● **Directions**
Reproduce all lines of the listing below in which the word "Black" occurs.

=== Listed records ===

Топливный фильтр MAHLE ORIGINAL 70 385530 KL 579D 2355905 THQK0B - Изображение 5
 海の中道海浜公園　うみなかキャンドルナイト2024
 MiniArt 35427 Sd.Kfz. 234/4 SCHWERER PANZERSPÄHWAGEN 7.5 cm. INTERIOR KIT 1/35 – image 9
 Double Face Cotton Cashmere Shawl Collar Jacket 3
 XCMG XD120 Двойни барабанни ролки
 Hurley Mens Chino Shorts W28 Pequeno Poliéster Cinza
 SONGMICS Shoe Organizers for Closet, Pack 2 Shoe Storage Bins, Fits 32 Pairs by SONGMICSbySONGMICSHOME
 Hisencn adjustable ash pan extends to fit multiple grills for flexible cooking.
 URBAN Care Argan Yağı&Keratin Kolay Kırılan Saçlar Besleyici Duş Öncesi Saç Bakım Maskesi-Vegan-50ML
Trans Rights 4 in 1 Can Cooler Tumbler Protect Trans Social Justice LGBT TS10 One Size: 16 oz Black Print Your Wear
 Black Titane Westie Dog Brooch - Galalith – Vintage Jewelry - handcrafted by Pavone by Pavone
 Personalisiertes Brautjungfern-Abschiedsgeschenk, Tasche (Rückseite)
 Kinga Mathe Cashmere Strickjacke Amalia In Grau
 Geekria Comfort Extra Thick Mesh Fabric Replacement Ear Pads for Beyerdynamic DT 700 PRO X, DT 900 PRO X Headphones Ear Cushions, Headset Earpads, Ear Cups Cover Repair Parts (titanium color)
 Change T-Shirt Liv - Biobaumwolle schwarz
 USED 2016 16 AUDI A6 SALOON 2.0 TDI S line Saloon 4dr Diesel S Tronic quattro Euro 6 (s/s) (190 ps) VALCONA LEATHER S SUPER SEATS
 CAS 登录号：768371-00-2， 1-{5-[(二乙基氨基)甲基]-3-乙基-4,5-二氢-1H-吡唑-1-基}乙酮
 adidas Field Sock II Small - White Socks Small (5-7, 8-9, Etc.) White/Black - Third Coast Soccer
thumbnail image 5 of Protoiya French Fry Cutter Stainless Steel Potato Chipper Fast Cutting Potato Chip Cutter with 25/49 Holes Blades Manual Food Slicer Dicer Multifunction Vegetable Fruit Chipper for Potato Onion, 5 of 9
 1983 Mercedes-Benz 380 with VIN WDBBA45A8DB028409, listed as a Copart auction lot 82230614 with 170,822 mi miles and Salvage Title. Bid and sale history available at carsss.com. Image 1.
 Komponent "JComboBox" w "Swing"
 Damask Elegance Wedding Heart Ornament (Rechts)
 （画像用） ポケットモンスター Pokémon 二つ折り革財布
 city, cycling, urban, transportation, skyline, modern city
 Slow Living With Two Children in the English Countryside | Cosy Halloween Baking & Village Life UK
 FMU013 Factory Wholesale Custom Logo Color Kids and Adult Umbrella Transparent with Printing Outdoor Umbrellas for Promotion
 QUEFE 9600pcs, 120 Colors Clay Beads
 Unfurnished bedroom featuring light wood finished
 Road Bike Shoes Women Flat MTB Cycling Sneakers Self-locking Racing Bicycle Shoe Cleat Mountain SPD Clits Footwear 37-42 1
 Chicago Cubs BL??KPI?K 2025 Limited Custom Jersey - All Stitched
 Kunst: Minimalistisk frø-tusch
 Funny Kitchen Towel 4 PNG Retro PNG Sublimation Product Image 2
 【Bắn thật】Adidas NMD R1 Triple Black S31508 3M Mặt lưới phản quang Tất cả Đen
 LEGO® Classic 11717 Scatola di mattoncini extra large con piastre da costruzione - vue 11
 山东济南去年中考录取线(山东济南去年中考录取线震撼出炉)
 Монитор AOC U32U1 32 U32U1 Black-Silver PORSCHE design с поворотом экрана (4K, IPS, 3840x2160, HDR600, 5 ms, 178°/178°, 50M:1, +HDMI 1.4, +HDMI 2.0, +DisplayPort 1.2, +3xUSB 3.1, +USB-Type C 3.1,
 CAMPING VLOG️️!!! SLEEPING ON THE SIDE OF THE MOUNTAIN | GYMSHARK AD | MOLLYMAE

===

● **Written answer**
Trans Rights 4 in 1 Can Cooler Tumbler Protect Trans Social Justice LGBT TS10 One Size: 16 oz Black Print Your Wear
 Black Titane Westie Dog Brooch - Galalith – Vintage Jewelry - handcrafted by Pavone by Pavone
 adidas Field Sock II Small - White Socks Small (5-7, 8-9, Etc.) White/Black - Third Coast Soccer
 【Bắn thật】Adidas NMD R1 Triple Black S31508 3M Mặt lưới phản quang Tất cả Đen
 Монитор AOC U32U1 32 U32U1 Black-Silver PORSCHE design с поворотом экрана (4K, IPS, 3840x2160, HDR600, 5 ms, 178°/178°, 50M:1, +HDMI 1.4, +HDMI 2.0, +DisplayPort 1.2, +3xUSB 3.1, +USB-Type C 3.1,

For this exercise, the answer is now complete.